The solution therefore is to take a hybrid approach. Any significate changes to a capability should be weighed up with a cost-benefit analysis carried out by the respective PO but that is reviewed and approved by a central body that can take the holistic view across the ecosystem.

A central body, such as a global architecture review board, can provide both rules and guiderails within which capability teams can operate, allowing for rapid decision making at a team or local level, as long as it falls within the guiderails set while maintaining a holistic view on both standards and costs.

Processes should be clearly defined to enable rapid decision making and implementation at both a capability and central level, providing agility whilst still within the vital oversight of a central, accountable body. 

Conclusion

Defining your composable operating model is the start of the journey, not the end.
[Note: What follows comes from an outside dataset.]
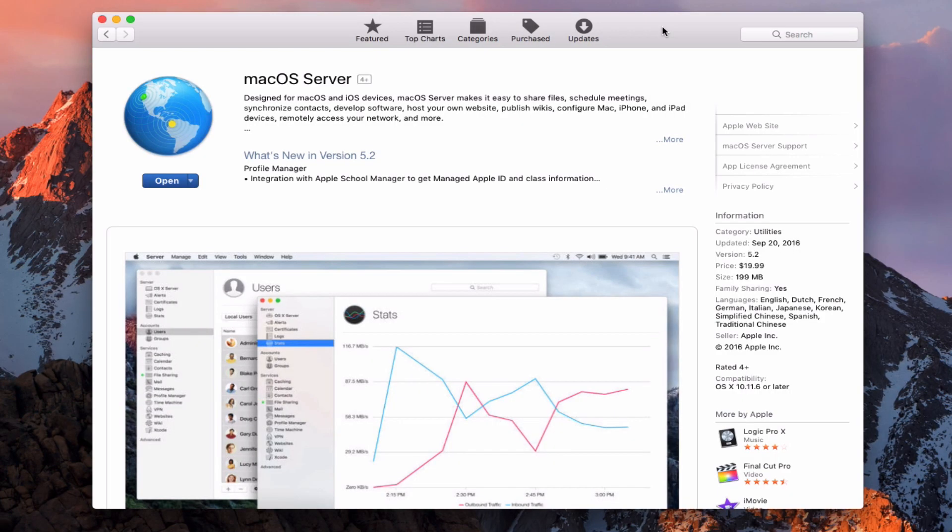Hi, this is Todd Oldtough from ToddOldtough.com, coming back at you with another screencast. This week we're going to take a look at the upgrade to Mac OS Server.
It can be tempting to think “if we build it they will come,” meaning that implementing a composable architecture will naturally create the change over time to a suitable operating model and all the benefits it brings. It has led to overruns, overspending and failed transformations with businesses stuck in a half-way house architecture: part monolith, part composable and wholly inadequate CX.

Consider your technology, operations, data and experiences together from the start of any composable undertaking, at least you find yourself with a powerful new engine and with no one to drive it.       

The move to composable can only be successful if planned carefully. Consider taking an integrated approach. Think carefully from the outset about both your technology decisions and the operating model that will be required to manage, support and drive the greatest value from each of the capabilities.